“Who is Miss Digges?”

“She’s the head one, the manager. And you never know when she’s comin’.” She snatched the door open, and popping her head out looked up and down the hall. “I caught her once, just like that. She was followin’ me around. Be careful about that hat now.”

With that parting injunction she took her departure. Her hand was in the pocket of her apron and her gaudily painted face wreathed with smiles. Money talks!

That midday dinner was a fairly good meal. After a good soup there was chicken fricassee, a vegetable, a salad, and ice-cream. The waitresses all wore clean aprons and the table linen was fresh. During the first part of the meal I realized an indefinite feeling of discomfort that I had attributed to “nerves” had become a headache. As dinner went on instead of the pain becoming less it increased.

The little waitress placed my ice-cream before me and I glanced up and smiled at her. That movement of the muscles in my face explained my headache. My skin felt so tightly stretched that it seemed as though I should have heard it crinkle.
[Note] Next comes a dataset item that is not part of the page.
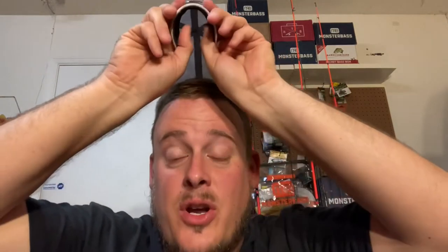What is up fishing fam, Model Fishing here — we did it, we got to 100 subscribers! First, let me say thank you so very much. It's been a couple of months and it's been very, very good. I love all the positivity that everyone sends me, I enjoy doing this, and I look forward to the future for many more subscribers and many more videos.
Leaving the ice-cream untouched I excused myself and hurried up to my room.

If I could only take my erysipelas medicine in time it would lessen the horror, perhaps prevent it entirely. Fumbling in the semidarkness of the hall I got my key in the lock of my room door, then found that I could neither turn it nor get it out. I must have struggled with that key for twenty minutes. Then going to the elevator I asked the operator if he could get it out.
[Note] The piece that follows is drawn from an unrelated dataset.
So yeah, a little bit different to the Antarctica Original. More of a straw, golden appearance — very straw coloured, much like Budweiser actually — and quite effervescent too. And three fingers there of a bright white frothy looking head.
“Sure, lady, I can get it out,” he told me. “But I don’t know what song and dance to give ’em in the office that’ll make ’em let me leave the elevator. I’ll go try and see.”
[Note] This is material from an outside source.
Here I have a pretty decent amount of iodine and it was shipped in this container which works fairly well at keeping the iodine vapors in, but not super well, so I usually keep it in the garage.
After waiting fifteen minutes for the man to return I pushed the button. The elevator started up at once. In sight of me the operator shook his head.

“I’ve been waiting for you to ring. I can’t move unless I get a ring. That’s a rule.” He opened the elevator door. “Maybe if you goes down you can get that woman to let me off. I told her you was sick and that it wouldn’t take me ten minutes, but it didn’t do no good.”

I stepped into the elevator and went down to the office. The clerk that afternoon was a small blonde woman, with a face as hard as a flint rock. After explaining conditions I asked her to allow the operator to leave the elevator long enough to get the key from my door—the man standing at my elbow remarking that it would not take more than five or six minutes.